–given on Sunday, January 10, 2016
Scripture base: Luke 3:15-22 (lectionary reference to Jesus’ baptism)
[ Jesus Blesses Little Children ] Then little children were being brought to him in order that he might lay his hands on them and pray. The disciples spoke sternly to those who brought them;
[ Jesus Blesses Little Children ] People were bringing little children to him in order that he might touch them; and the disciples spoke sternly to them.
[ Jesus Blesses Little Children ] People were bringing even infants to him that he might touch them; and when the disciples saw it, they sternly ordered them not to do it.
Have you ever noticed that you never feel grown up? One of life’s more embarrassing experiences is running into an old high school classmate and not even recognizing him or her, but then there is that voice. Suddenly a thousand memories rush over you and recognition is there!
The process of growing up does make physical changes in our appearance, but the process does not have the same effect on our brains. The more we age, the more knowledge we gain; but does this mean we grow up in God’s eyes?
We often address God in our prayers as ‘Father’ and we ask him for guidance. We go to God to complain and to ask for help. The attitude we take is often the same as that we use with our earthly parents. Do we ever grow up in our parents’ eyes? Do we ever see our own children as grown up?
In the commentary for this week’s lectionary, there is an interesting reference to Dominican Priest Jude Siciliano. He explains an old Southern saying that I have never heard before: “God has no grandchildren.”
The saying means that our faith is not handed on the way family heirlooms or family stories are handed on from one generation to the next. Although we honor our ancestors in the faith from Adam and Eve, through Abraham, Moses, and the apostles, our faith is not handed down from them. God has no grandchildren; God has only children. The Lord entered our lives directly through our baptism. Our parents and godparents certainly want to see us have the gift of faith they have received but they cannot give that gift; it is from the Lord.
Maybe the secret to growing up is not to grow up. If we are always, regardless of chronological age, a child of God it seems like we do not have to “grow up.”
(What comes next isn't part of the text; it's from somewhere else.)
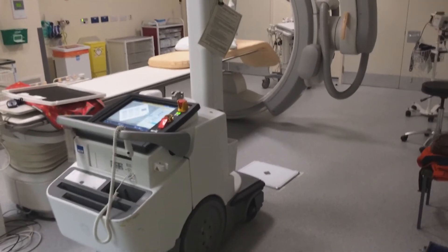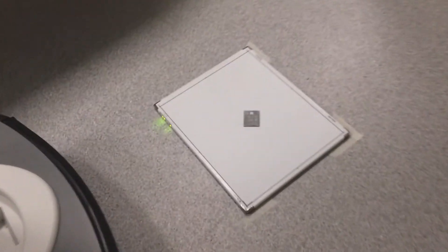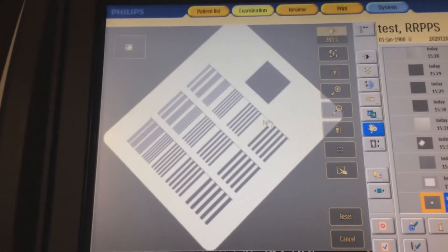I'm here today at a customer site and I'm testing one of their mobile x-ray machines. At the moment I'm running a whole bank of tests on image quality. You can see that I've got the machine set up here and I've just made an exposure on the image plates using this leads test object.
But let’s back up this aging thing a bit. Aging is a process that begins on one’s birthday. There is no doubt that we have earthly, biological parents. Even Jesus was born with earthly parents, but it was during Jesus’ baptism in the Jordan River that God’s presence became public when the Holy Spirit descended upon him.
Our baptism publically declares God as our father. As God’s child, we are never going to grow up. We can grow, but we are never going to outlive God. We are always his sons and daughters. We are never grandchildren. Nothing can forcibly separate us from our heavenly Father.
Can we ever grow up though? Certainly we can. We are organic beings who can physically develop from newborns to toddlers to school-aged kids to high school students, and even on to be parents.
Yet, through all these developmental phases, God is with us. As our heavenly parent, God is always present. He is available at any moment in time. He loves us even when we make mistakes.
In our closing hymn, Jesus Loves Me, we are reminded of how God loves us as his children. We might think the hymn refers to the youngsters, only, but if we are God’s children then age does not matter. Remember, we are God’s children even if we turn 5, 15, 55, 91, or 101.
Does this not make a huge difference when we consider birthday celebrations? If we never grow up in God’s eyes, then we never have to feel grown up. The opportunity to be forever young is a gift that we can accept.
How do we accept God’s gift? There is only one way. We accept Jesus in our lives, and publicly affirm the relationship through our baptism. Accepting God also means that we accept the responsibility to follow his teaching and to live according to his Golden Rule. If we do not unwrap God’s gift, then we will never discover the secrets of life everlasting.
As Christians, remembering our baptism can keep us young. Even though it is possible to never participate in a reaffirmation of faith service, reviewing the baptismal covenant is one way to celebrate being God’s child. [Turn to p. 32 in the UMH to read the statement concerning baptism and/or review of the covenant ceremony.]
The Baptismal Covenant is God’s word to us, proclaiming our adoption by grace, and our word to God promising our response of faith and love. Those within the covenant constitute the community we call the church .
Persons of any age are suitable candidates. Infants and others unable to take the vows for themselves are presented by parents and/or sponsors. . .
. . . Baptism is not administered to any person more than once, for while our baptismal vows are less than reliable, God’s promise to us in the sacrament is steadfast.
Baptism is an outward sign of one’s acceptance of God as our heavenly father. Baptism defines God’s relationship with us. We are responsible as sponsors and as independent adults to accept God’s gift.
Unwrap God’s gift by reading the Bible. We know that our earthly parents and grandparents have learned many secrets to life, but those who model reading the scripture, going to church, serving one another in love, will always be children in God’s eyes. They opened up God’s gift and used it. As you unwrap God’s gift to you, too, you will learn that the secret to never growing up is accepting God as your heavenly father.